引玉抬手將木人按住,輕噓了一聲,望著遠處的積水說:“這些水能泄了麼。”
蓮升搖頭,“要是一夜間積水全無,還不知要如何解釋。”
遠遠見到有人拿當船用,火燒火燎地往某處劃,引玉便知道,這鎮裡的鬼還在醒,做戲正做得上頭。
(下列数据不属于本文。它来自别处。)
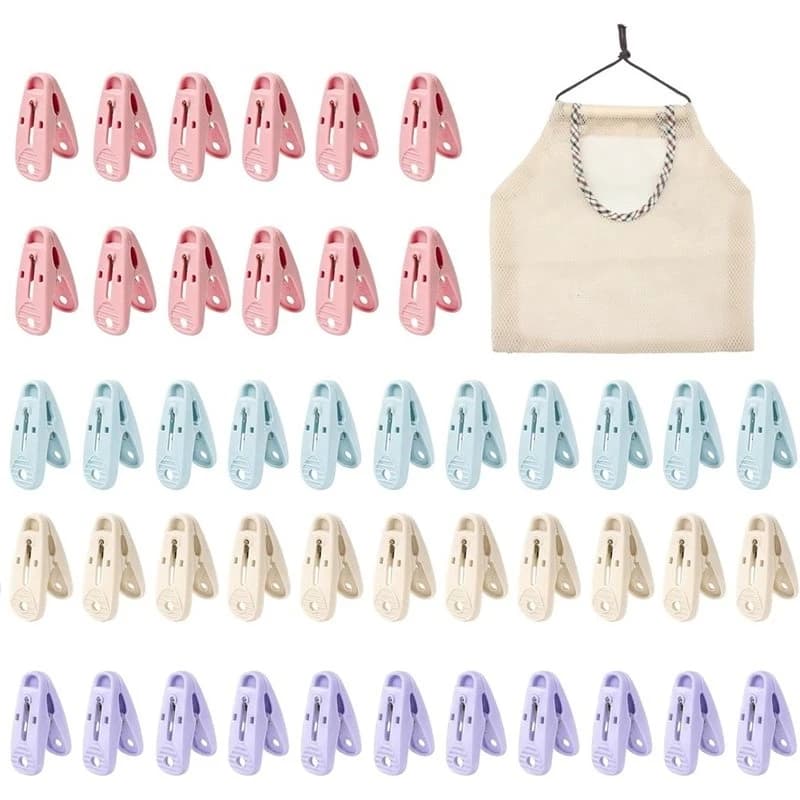 BMBY-Mini Plastic For Washing Line Clothes Pegs, Non-Slip 48-Pack Wind-Resistant Laundry Clips With Storage Bag For Home Garden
一戶家中有人大喊:“報警,快報警,莫永期又回來啦,有人被鋸了一截腿骨!”
“別是程進戎和董垚的鬼魂回來殺人了,他們慘死,也不讓別人好過!”
“報什麼警啊,還不如叫救護車呢。前些天警察都來得比以前勤了,真是鬧心!”
引玉和蓮升匿形潛入,在那戶家中,果真看見有人倒地不起,捂著斷腿哭哭喊喊,血流了滿地。
此處的水將房屋淹得只剩閣樓,此人原先應當是在屋頂,是因夜裡要休息,才鑽窗進屋,哪知進來便丟了腿。
有人手足無措地跪坐在邊上,急慌慌問:“傷你的是誰,看清楚了嗎?”
那人搖頭說:“不知道啊,我剛翻進屋,就痛得要死!我要看醫生,救護車進不進得來啊?”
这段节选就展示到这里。